CLEVELAND -- Will the Supreme Court's Tuesday ruling on an Arkansas high speed police chase that ended with two unarmed suspects shot and killed come into play in Cleveland's infamous case about a chase and double deadly shooting?
A grand jury here is close to deciding whether or not any Cleveland police officers will face criminal charges for the chase and shooting that left unarmed suspects Timothy Russell and Malissa Williams dead after a crosstown chase.
Cleveland Police Patrolmen's Association lawyer Pat D'Angelo thinks the grand jury should hear about this case before it completes its deliberations.
So does CPPA President Jeff Follmer, " Absolutely . I think there are a lot of similarities and ours even was worse based on what the officers' perceptions were....The Grand Jury should here it. They (the Supreme Court) let the police officers do what they had to do to stop the suspects.
In a unanimous decision the Supreme Court justices tossed out an "excessive force claim" brought against Arkansas police who chased a speeding car and fatally shot the driver and a passenger after the driver, Donald Rickard and his passenger, Kelly Chapman, ,collided with on police car and sideswiped another.
Rickard's car was cornered and he put it in reverse and spun the wheels. When he refused to surrender, officers fired into the vehicle.
Rickard's daughter sued, claiming officers used excessive force, violating the 4th amendment. Police fired 15 shots. The 6th Circuit Court of Appeals in Cincinnati let the suit proceed on the theory that a jury should decide if the shooting went too far.
But the Supreme Court overturned that finding, deciding there is no constitutional violation. The threw out the lawsuit and granted the officers immunity.
Justice Samuel Alioto Jr. wrote, "We analyze this question from the perspective of a reasonable officer on the scene rather than with the 20/20 vision of hindsight. ... It is beyond serious dispute that Rickard's flight posed a grave public safety risk, and the police acted reasonable in using deadly force to end that risk."
Lawyer Terry Gilbert, who is representing the Russell family in a civil lawsuit said the facts of the two cases are different in many ways and he did not think the ruling automatically ends chances of a suit proceeding and succeeding.

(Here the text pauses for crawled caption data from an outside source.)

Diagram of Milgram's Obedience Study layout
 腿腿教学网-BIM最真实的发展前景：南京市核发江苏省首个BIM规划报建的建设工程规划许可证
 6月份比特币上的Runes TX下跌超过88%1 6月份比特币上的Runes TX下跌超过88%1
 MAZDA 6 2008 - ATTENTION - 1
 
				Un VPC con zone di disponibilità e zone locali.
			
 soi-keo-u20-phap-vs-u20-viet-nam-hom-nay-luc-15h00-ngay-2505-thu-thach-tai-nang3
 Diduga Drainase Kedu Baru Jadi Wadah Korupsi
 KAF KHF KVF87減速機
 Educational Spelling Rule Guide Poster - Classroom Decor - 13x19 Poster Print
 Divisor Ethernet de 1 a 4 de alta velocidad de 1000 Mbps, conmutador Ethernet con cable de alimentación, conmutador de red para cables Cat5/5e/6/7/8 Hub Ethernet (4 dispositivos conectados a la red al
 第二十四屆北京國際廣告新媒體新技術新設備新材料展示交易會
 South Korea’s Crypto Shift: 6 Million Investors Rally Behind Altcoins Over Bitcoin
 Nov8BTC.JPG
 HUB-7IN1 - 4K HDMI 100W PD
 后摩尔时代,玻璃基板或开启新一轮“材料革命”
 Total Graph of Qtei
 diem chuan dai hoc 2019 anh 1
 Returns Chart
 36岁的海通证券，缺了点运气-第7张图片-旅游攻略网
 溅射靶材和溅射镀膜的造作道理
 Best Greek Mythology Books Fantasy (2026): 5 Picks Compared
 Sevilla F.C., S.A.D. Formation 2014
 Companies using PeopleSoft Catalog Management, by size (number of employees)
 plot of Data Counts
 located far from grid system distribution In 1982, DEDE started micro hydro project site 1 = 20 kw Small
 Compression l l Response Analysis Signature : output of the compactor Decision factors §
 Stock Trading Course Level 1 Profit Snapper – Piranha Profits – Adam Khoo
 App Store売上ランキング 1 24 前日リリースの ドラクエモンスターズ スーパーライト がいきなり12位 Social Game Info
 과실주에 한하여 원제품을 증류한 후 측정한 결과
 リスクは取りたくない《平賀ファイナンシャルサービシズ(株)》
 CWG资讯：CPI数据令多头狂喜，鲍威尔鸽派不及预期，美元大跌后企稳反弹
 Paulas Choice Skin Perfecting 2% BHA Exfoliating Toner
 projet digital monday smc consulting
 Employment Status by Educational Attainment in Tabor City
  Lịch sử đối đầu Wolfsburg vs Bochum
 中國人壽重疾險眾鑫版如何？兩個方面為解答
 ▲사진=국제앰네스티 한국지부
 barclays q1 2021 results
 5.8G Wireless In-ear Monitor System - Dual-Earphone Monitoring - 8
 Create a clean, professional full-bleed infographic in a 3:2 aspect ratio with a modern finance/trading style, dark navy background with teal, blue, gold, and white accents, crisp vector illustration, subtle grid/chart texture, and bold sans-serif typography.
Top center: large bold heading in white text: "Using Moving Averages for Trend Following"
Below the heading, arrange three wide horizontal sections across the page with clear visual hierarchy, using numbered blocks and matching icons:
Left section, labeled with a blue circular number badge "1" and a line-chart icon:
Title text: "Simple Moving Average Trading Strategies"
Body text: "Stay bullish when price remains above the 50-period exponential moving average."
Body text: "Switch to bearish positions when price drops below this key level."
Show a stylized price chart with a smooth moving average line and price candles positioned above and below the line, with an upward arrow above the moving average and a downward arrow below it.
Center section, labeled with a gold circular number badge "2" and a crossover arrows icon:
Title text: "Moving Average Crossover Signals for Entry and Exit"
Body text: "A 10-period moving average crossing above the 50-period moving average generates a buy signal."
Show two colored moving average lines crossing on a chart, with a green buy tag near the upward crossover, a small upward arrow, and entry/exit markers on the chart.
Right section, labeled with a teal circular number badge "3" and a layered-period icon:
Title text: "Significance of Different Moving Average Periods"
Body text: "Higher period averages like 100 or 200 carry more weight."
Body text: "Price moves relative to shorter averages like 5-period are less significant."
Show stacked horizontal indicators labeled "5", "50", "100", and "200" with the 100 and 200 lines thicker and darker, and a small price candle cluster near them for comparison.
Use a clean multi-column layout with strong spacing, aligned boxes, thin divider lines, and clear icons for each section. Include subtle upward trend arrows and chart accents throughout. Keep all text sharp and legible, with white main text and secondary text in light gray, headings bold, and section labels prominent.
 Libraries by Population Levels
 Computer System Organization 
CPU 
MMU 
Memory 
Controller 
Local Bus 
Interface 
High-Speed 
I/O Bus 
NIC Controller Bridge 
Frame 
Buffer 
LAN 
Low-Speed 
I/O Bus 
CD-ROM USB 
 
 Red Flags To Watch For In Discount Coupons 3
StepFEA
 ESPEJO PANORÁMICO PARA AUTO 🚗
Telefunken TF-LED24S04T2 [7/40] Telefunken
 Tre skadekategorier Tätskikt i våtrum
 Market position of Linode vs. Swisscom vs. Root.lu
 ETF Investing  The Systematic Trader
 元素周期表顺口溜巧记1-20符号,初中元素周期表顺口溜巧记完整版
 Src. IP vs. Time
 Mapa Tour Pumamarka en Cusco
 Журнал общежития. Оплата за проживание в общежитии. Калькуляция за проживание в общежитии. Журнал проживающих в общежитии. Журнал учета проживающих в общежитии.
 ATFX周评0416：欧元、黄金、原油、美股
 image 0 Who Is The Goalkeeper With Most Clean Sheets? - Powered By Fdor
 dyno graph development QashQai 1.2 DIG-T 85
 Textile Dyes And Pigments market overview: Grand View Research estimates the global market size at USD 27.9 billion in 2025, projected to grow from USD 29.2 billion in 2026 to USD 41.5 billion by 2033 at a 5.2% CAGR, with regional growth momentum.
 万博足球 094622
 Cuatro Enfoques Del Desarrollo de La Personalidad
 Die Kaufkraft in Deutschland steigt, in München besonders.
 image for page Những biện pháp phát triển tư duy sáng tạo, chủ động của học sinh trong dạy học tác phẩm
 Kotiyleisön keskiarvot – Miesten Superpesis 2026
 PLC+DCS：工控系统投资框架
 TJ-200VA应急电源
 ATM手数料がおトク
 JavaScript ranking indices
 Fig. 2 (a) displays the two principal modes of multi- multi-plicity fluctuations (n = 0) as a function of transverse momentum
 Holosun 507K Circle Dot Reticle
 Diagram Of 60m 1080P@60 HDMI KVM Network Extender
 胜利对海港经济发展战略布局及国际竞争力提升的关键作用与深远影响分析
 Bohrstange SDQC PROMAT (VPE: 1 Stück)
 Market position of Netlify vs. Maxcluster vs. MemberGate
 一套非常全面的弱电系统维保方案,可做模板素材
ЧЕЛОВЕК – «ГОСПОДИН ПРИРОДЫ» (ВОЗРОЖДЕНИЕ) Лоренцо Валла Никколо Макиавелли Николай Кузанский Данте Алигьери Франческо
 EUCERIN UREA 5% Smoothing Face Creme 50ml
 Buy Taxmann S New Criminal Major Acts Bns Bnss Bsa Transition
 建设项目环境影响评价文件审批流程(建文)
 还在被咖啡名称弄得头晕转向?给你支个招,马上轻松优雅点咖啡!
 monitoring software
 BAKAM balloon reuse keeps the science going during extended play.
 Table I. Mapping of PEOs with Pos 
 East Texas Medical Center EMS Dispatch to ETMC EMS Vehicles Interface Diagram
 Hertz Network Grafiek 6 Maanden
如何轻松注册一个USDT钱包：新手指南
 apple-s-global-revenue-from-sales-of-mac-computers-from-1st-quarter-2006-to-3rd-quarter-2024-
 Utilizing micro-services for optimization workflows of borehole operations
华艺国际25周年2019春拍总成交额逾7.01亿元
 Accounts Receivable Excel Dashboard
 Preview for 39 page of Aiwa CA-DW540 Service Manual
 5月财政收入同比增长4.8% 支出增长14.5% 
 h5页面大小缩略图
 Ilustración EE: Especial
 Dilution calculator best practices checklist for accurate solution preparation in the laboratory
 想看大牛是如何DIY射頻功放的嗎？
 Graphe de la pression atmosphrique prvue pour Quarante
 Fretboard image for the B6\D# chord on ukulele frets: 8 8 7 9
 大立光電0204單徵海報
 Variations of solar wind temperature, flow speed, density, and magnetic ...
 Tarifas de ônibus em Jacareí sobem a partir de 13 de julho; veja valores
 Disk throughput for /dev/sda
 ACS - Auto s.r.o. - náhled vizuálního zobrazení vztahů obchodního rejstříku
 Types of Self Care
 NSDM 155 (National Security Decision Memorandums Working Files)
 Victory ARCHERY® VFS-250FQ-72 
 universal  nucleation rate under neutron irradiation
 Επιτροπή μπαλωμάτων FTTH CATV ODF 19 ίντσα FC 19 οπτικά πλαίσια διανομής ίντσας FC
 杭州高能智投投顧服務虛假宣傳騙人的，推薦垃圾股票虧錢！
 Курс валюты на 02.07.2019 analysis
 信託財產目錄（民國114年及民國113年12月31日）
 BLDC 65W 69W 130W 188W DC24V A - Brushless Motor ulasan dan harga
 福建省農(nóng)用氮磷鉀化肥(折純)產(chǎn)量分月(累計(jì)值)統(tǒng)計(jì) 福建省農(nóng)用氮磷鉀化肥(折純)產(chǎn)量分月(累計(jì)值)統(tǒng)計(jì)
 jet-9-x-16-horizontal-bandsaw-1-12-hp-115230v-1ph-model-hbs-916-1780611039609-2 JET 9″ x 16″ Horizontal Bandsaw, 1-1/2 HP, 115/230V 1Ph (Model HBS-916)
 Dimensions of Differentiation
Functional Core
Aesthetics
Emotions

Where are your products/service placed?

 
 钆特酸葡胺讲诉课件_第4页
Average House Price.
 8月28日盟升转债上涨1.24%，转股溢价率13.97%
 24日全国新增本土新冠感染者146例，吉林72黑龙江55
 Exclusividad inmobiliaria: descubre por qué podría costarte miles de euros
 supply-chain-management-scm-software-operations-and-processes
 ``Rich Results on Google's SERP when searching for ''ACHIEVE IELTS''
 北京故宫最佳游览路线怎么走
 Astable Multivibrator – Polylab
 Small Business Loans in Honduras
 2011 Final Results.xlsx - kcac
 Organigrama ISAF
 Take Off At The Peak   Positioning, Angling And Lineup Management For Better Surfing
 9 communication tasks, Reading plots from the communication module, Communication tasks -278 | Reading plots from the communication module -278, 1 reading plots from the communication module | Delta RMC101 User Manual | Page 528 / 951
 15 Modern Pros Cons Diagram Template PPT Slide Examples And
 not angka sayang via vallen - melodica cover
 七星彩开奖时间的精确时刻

"I just don't think it's going to have a major effect on what we do in this case. I think we'll be able to show there were violations of the constitution here, " he said.
One Cleveland policeman, Michael Brelo, wound up on the hood of the victims' car, emptying and reloading his gun firing almost 50 shots.
In all 13 officers fired 137 shots at the suspects after a cross-town chase involving more than 60 cars and 100 officers.
Lawyer Mike Nelson, Co-Chair of the NAACP's Criminal Justice Committee agreed with Gilbert.
Speaking of Russell and WIlliams he said, " They were not shot fleeing. They were shot sitting still with the chase having ended . They were not a threat to anybody."
Prosecutor Tim McGinty said the basic ruling of the case is not new, but did not say if it would be mentioned at all to the Grand Jury.
"Tuesday's Supreme Court decision simply upheld current law, with which we fully agree. The Supreme Court ruled that the Memphis police were still chasing and the public was still in danger when the police fired," he said.